3. Configure HAProxy. Here is a section from haproxy.cfg file for 3 Erlang nodes accepting WS connections.

listen erlang_front :8888
        mode            http
        balance         roundrobin
        timeout connect 1s
        timeout queue 5s
        timeout server 3600s
        option httpclose
        option forwardfor
        server          erlang-1 192.168.0.1:8888  source 192.168.1.1
        server          erlang-2 192.168.0.2:8888  source 192.168.1.2
        server          erlang-3 192.168.0.3:8888  source 192.168.1.3

Now HAProxy can handle more than 65,536 websocket connections and the limit of connections can be easily increased by adding virtual network interfaces. Also, it can establish new connections rather fast.

This approach seemed to be viable despite of following drawbacks:

Failover HAProxy instance should be set up manually using tools like keepalived;
Something has to be done to reconfigure HAProxy on whenever you add a new Erlang node;
As the number of connections grows,there is no option to scale HAProxy horizontally. We have only vertical option available so when we have more and more active users we should obtain more and more expensive instance for HAProxy (and HAProxy mirroring node).

We were fine with these drawbacks but much more simple solution was implemented. That was possible because we had already some code implemented and our system design allowed us to use a custom approach.

Custom Approach

To move forward let’s review the following diagram showing our system architecture.

We have a JavaScript client application, an auth application which is responsible for user’s’ authorization and an Erlang application with main application functionality. And the flow is as follows:

Client makes HTTP request with credentials to Auth Application;
Auth Application checks creds, generates token and sends it via HTTP request to Erlang Cluster;
Erlang app confirms that token received and sends HTTP response with confirmations to Auth app;
Auth App sends HTTP response to client application. This response includes generated token;
Client uses the token to establish websocket connection with Erlang app through our HAProxy load balancer.

This is our basic flow which was modified slightly. We added a simple module to our Erlang application to track the number of websocket connections on each Erlang node. Due to “distributed” nature of Erlang, each node knows about other nodes connections.

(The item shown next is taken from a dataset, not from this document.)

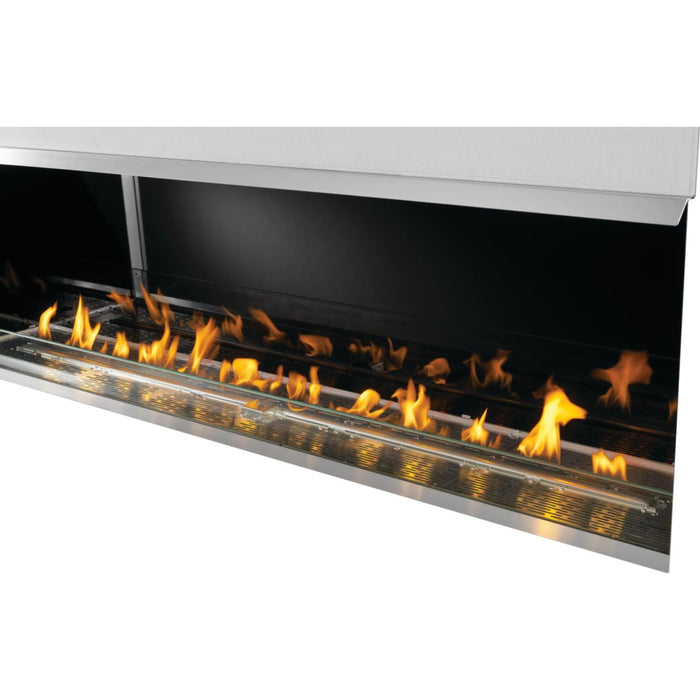 Napoleon Galaxy 74-inch outdoor gas fireplace with blue LED ember bed lighting, glass wind guard, and stainless steel firebox.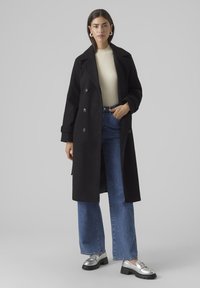 Cappotto doppiopetto nero con ampi revers, indossato sopra un maglione a coste crema e jeans flare blu a vita alta, accentuato da scarpe argentate.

So we can choose a node with fewer connections. We take public IP address of this node and just send back to auth application. Then auth applications sends this IP along with token back to the client. Client establish WS connections with the IP address and token received. So final diagram looks like this:

Now we can:

Get rid of WS load balancer, which makes our system less complicated;
Add Erlang nodes without any reconfiguration of other parts of the system.

In addition:

WS connections are now distributed evenly between the Erlang nodes;
The system easily scales horizontally;
We don’t have to use Elastic IPs for Erlang nodes.